As a public company, we are subject to the reporting requirements of the Securities Exchange Act of 1934, as amended, or the Exchange Act, the Sarbanes-Oxley Act, the Dodd-Frank Wall Street Reform and Consumer Protection Act, or the Dodd-Frank Act, and the rules and regulations of The Nasdaq Global Market. The Sarbanes-Oxley Act, as well as rules subsequently implemented by the SEC and Nasdaq, impose additional requirements on public companies, including enhanced corporate governance practices. For example, the Nasdaq listing requirements require that listed companies satisfy certain corporate governance requirements relating to independent directors, audit committees, distribution of annual and interim reports, stockholder meetings, stockholder approvals, solicitation of proxies, conflicts of interest, stockholder voting rights and codes of business conduct. Our management team has limited experience managing a publicly-traded company or complying with the increasingly complex laws pertaining to public companies. In addition, most of our current directors have limited experience serving on the boards of public companies.

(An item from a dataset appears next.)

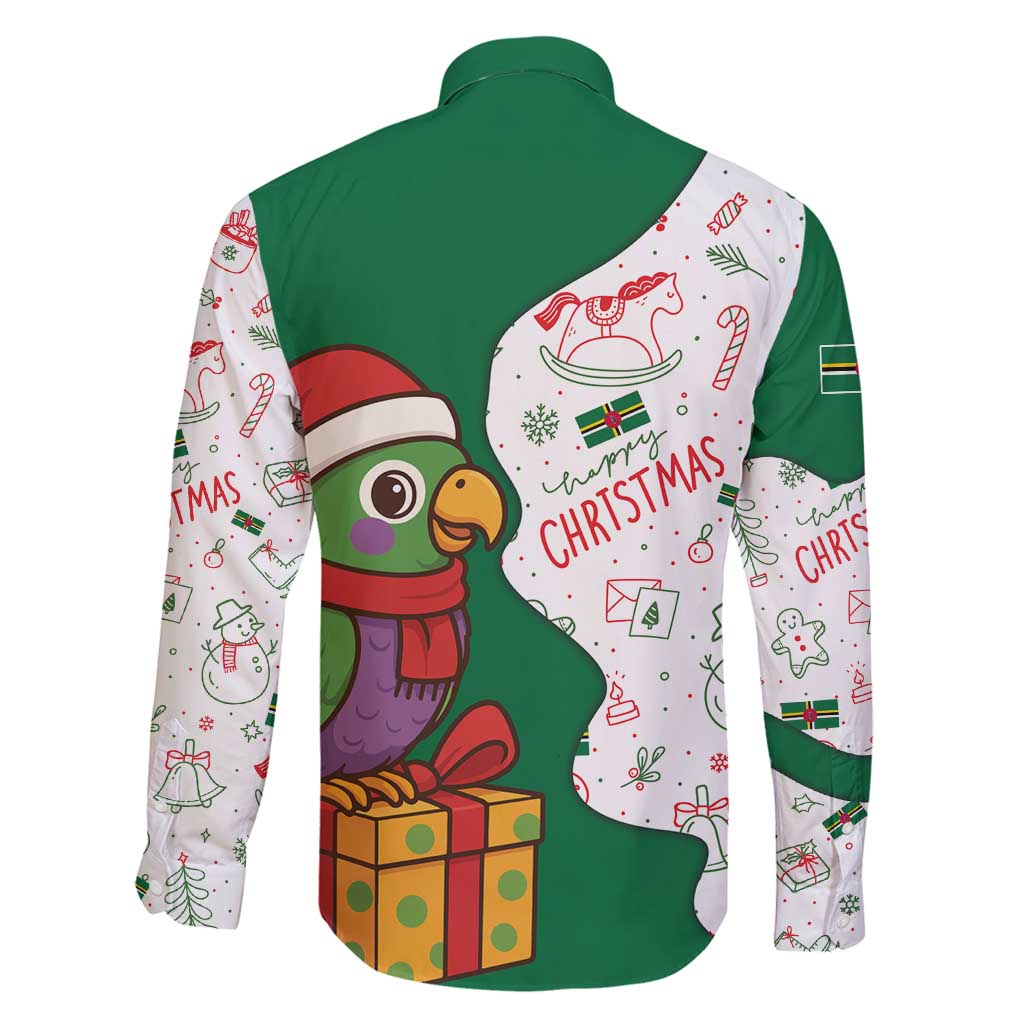 Dominica Christmas Family Matching Long Sleeve Bodycon Dress and Hawaiian Shirt with Parrot Gift Box and Festive Pattern Design - Wonder Print Shop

The requirements of these rules and regulations have increased and will continue to increase our legal, accounting and financial compliance costs, make some activities more difficult, time-consuming and costly and may also place undue strain on our personnel, systems and resources. Our management and other personnel must devote a substantial amount of time to these requirements. In particular, we have incurred and expect to continue to incur significant expenses and devote substantial management effort toward ensuring compliance with the requirements of Section 404 of the Sarbanes-Oxley Act, including remediating the material weaknesses described in Item 9A. “Controls and Procedures.” For example, we have assigned additional personnel within our finance department to the implementation, administration and evaluation of our internal control over financial reporting, and we engaged an outside public accounting firm to provide us with the services of accounting support personnel.
Moreover, the rules and regulations applicable to public companies also make it more difficult and more expensive for us to maintain directors’ and officers’ liability insurance, and we may be required to accept reduced coverage or incur substantially higher costs to maintain coverage. If we are unable to maintain adequate directors’ and officers’ insurance, our ability to recruit and retain qualified directors, especially those directors who may be considered independent for purposes of Nasdaq rules, and officers may be significantly curtailed.